Foto: Igor Ivashin
Umschlag mit der Aufschrift "Bibelquiz": Igor Ivashin, der zu sechs Jahren Haft auf Bewährung verurteilt wurde, erhält materielle Beweise für sein "Verbrechen" zurück
Sacha (Jakutien)Das Urteil vom 1. April an den Gläubigen – Ehemann und Vater von zwei Kindern – enthält eine Liste von materiellen Beweisen, anhand derer man die Natur seines "Verbrechens" beurteilen kann: "Religiöse Karten; religiöse Spiele; Umschlag mit religiösen Bildern; Bibel-Domino; Mappe mit Bibel-Comics; Schachtel mit Postkarten."
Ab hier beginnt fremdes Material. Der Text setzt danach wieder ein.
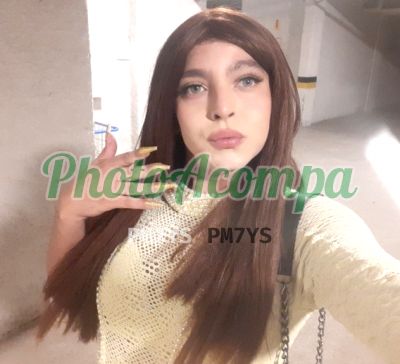 Duda Marquesa (48) 98817-0885, travesti em Balneário Camboriú
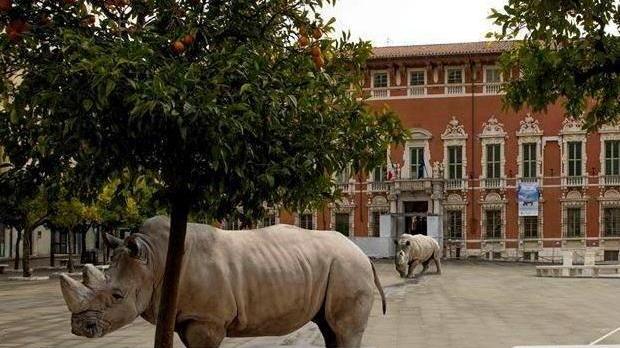 Ops, rinoceronti in piazza Aranci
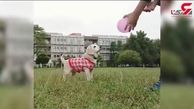 سگ دروازه بان رکورد دار گینس+فیلم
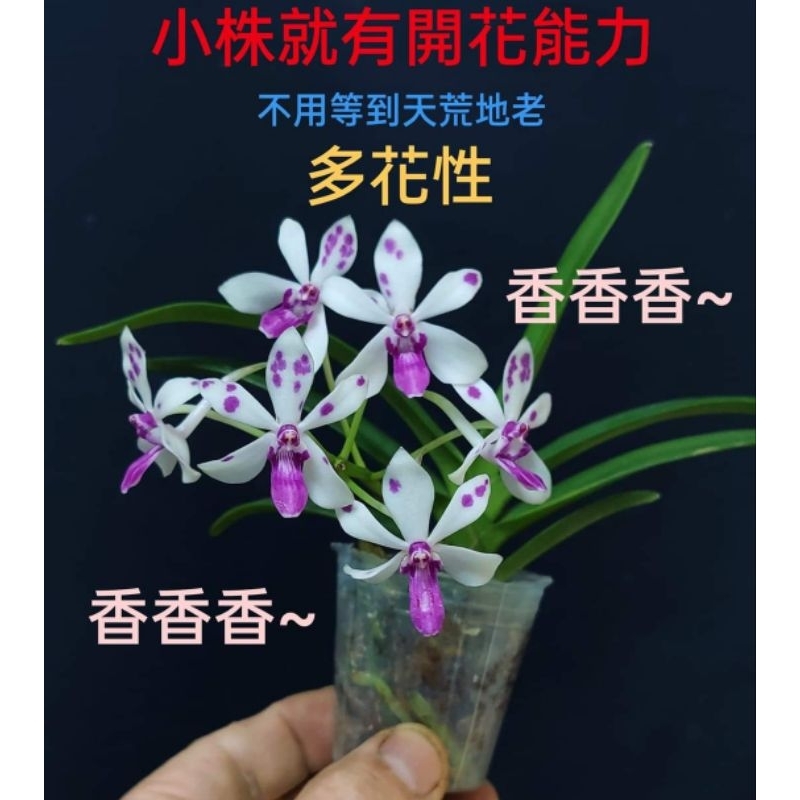【蘭蕨雨林】Vandachostylis Pinky，日本風蘭 x 狐狸尾蘭，小株就有開花能力，大成株要千元，很香。

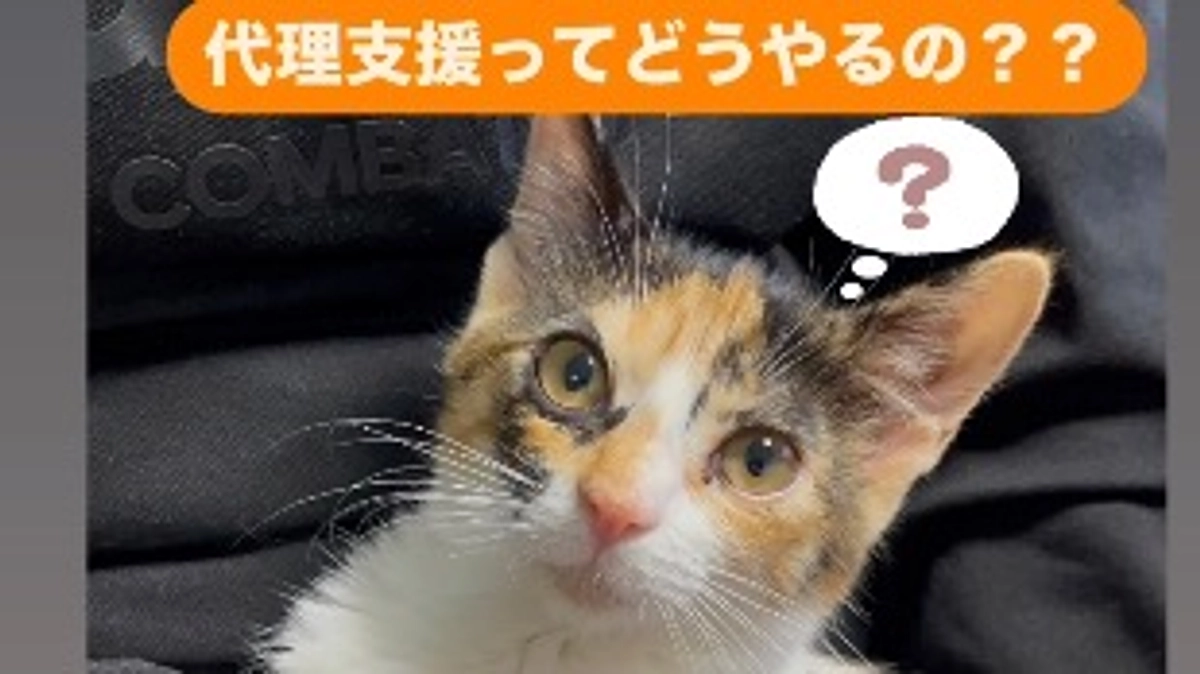 代理支援もおこなっております。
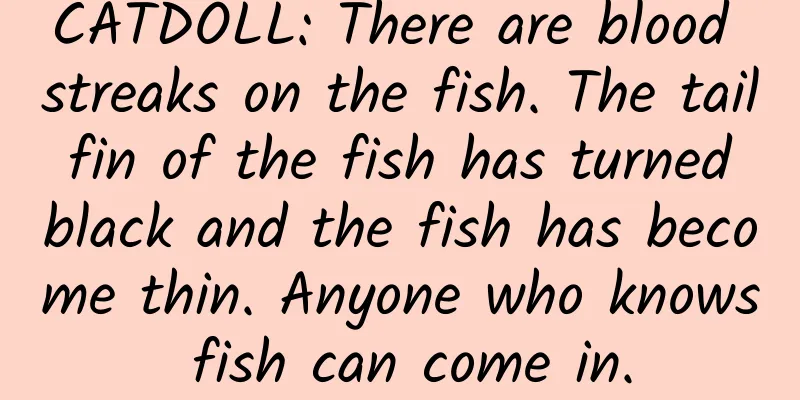 CATDOLL: There are blood streaks on the fish. The tail fin of the fish has turned black and the fish has become thin. Anyone who knows fish can come in.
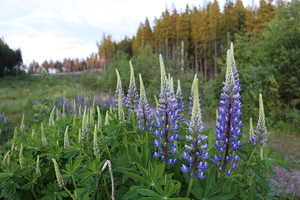 Image-preview_300x200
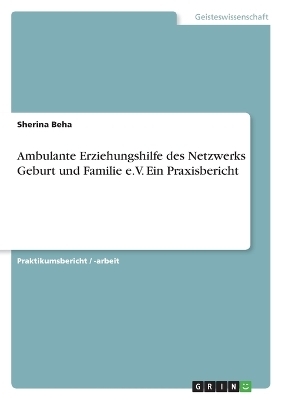 Ambulante Erziehungshilfe des Netzwerks Geburt und Familie e.V. Ein Praxisbericht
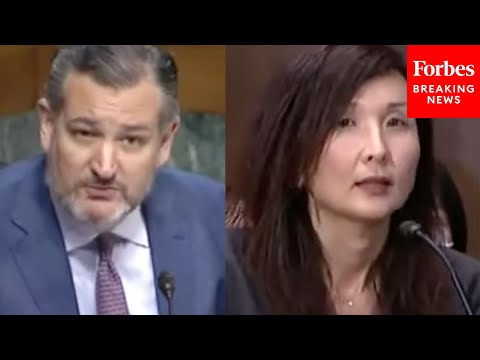 'Did You Agree With It?': Ted Cruz Grills Judicial Nominee About Controversial Press Release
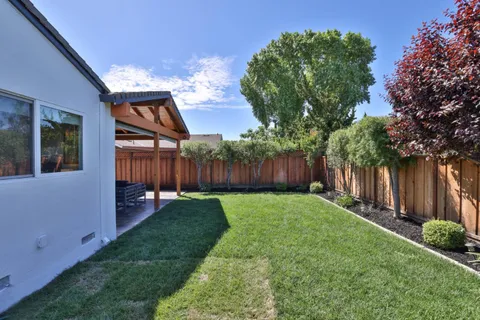a view of a backyard with couches plants and large tree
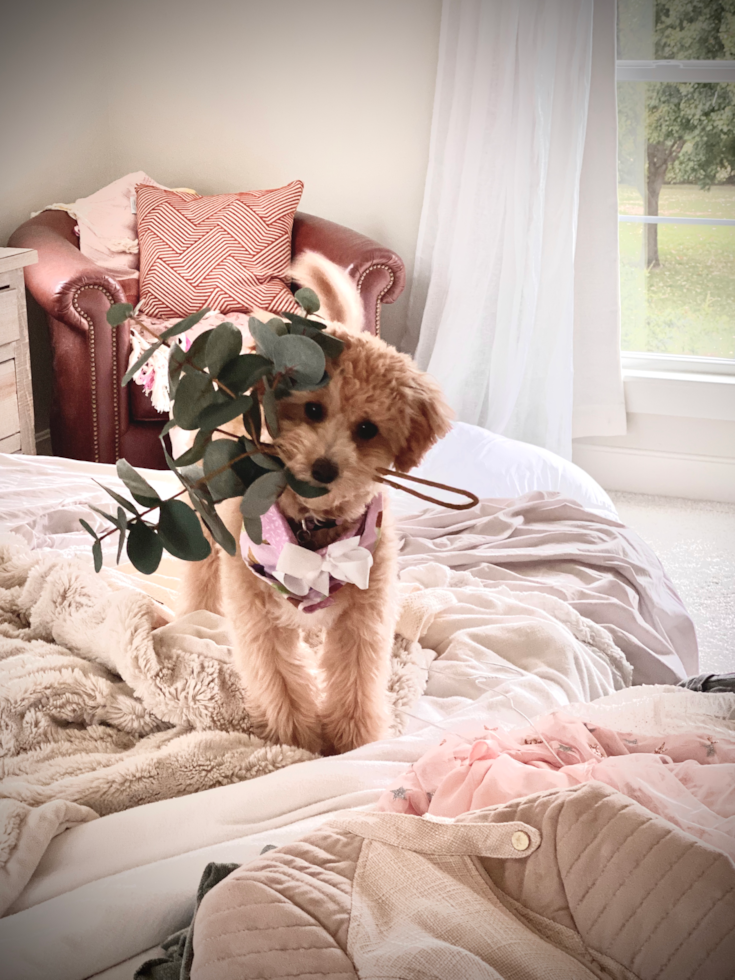 Small Maltipoo Pup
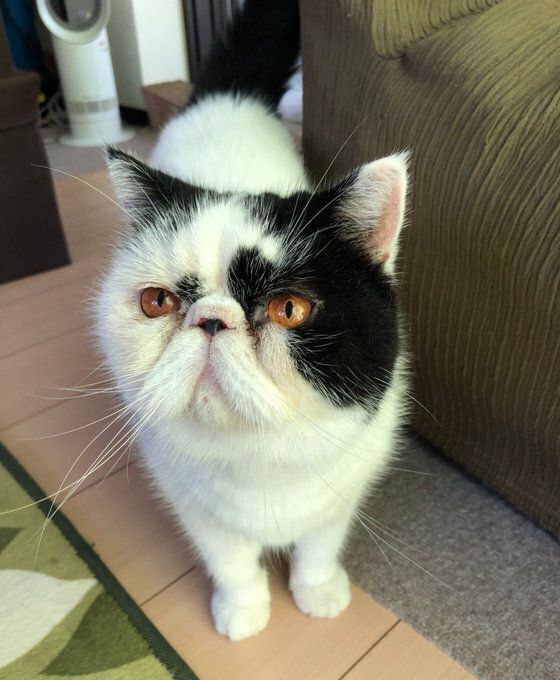 飼い主の方を見るエキゾチックショートヘア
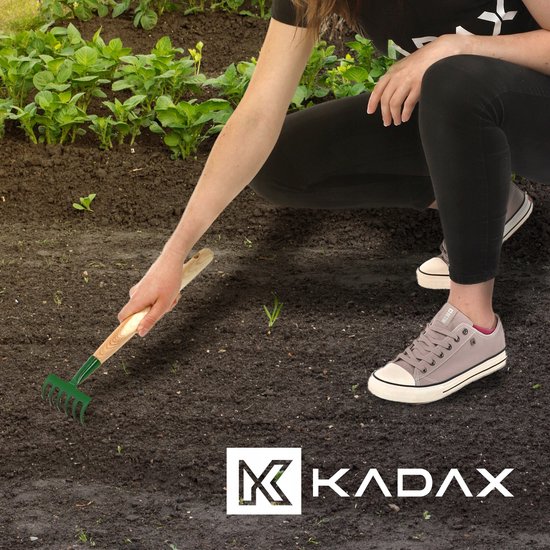 KADAX kleine metalen hark, hark gemaakt van hout, lommerrijke bezems, loudbreak, gazonhark voor tuin, tuin hicke, handhark, kleine ventilatorbroom (groen 6 tanden) van Merkloos	 — afbeelding 5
Eine beredte Liste von "Schuldbeweisen" wird ergänzt durch "zwei Bibeln; drei Tagebücher; sieben Notizbücher; zwei Hälften eines Notizbuchs; das Buch "Gibt es einen fürsorglichen Schöpfer"; das Buch "Spiwanik zum Lob Jegowyas"; das Büchlein "Erste Begegnung mit Gottes Wort"; "Die Bibel. Moderne Übersetzung"; das Buch "Neues Testament und Psalmen"; das Buch "Über Menschen, die sich nie von der Bibel trennen"; das Büchlein "Trost für Depressionskranke"; Fotoalbum". Darüber hinaus umfasst die Liste Laptops, Tablets, Telefone und Speichergeräte.
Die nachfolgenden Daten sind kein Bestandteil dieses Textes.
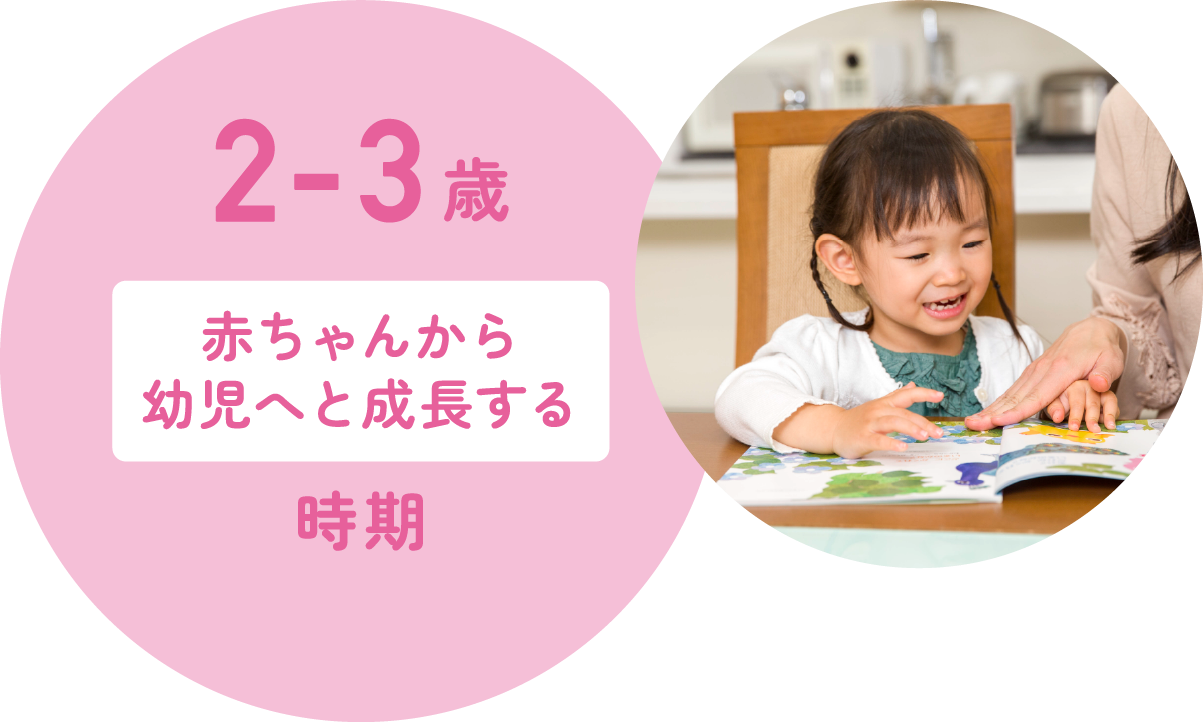 2～3歳赤ちゃんから幼児へと成長する時期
Gleichzeitig empfahl die Staatsanwältin Oksana Slastina, Igor Ivashin zu 7 Jahren Gefängnis zu verurteilen, wobei er die Strafe in einer Kolonie des allgemeinen Regimes verbüßen sollte. In seiner letzten Rede versuchte der Gläubige erfolglos, den Richter zu erreichen: "Es gibt keine Opfer in meinem Strafverfahren, es gibt nicht einmal eine Aussage gegen mich. Da ist nichts! Aber es wurde ein schwerer Vorwurf erhoben. Unbegründet!" Am 1. April 2020 verhängte Zhanna Schmidt, Richterin am Lenski-Bezirksgericht der Republik Sacha (Jakutien), ein hartes Urteil gegen Igor Ivashin: 6 Jahre Haft auf Bewährung wegen des Glaubens an Jehova Gott.
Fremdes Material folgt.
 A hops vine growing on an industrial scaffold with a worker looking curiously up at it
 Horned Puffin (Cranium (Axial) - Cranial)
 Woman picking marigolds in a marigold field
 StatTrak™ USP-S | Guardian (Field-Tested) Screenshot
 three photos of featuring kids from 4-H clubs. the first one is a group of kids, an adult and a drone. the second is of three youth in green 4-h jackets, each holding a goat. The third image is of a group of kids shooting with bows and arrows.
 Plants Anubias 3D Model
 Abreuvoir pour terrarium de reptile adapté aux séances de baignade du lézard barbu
Das Strafverfahren gegen Igor Iwaschin wurde nach groß angelegten Polizeirazzien im Sommer 2018 eingeleitet. Seine Wohnung wurde durchsucht, wobei die Sicherheitskräfte die oben genannten Gegenstände beschlagnahmten. Die Ermittlungen werteten das Vorhandensein dieser Gegenstände in Igors Wohnung als überzeugende "Beweise" für seine extremistischen Aktivitäten.
Zuvor, im November 2019, gab Richter Sergej Osmushin Iwaschins Fall an die Staatsanwaltschaft zurück. Das Gericht stellte dann fest, dass es "nicht möglich ist, zu verstehen", was die Sachverständigengutachten in der Strafsache "überhaupt bezeugen". Offensichtlich sahen auch die "Beweise" für das Verbrechen, die durch die Ermittlungen geliefert wurden, nicht überzeugend aus. Dennoch endete die Wiederaufnahme des Verfahrens in der neuen Zusammensetzung des Gerichts schließlich mit einem Schuldspruch.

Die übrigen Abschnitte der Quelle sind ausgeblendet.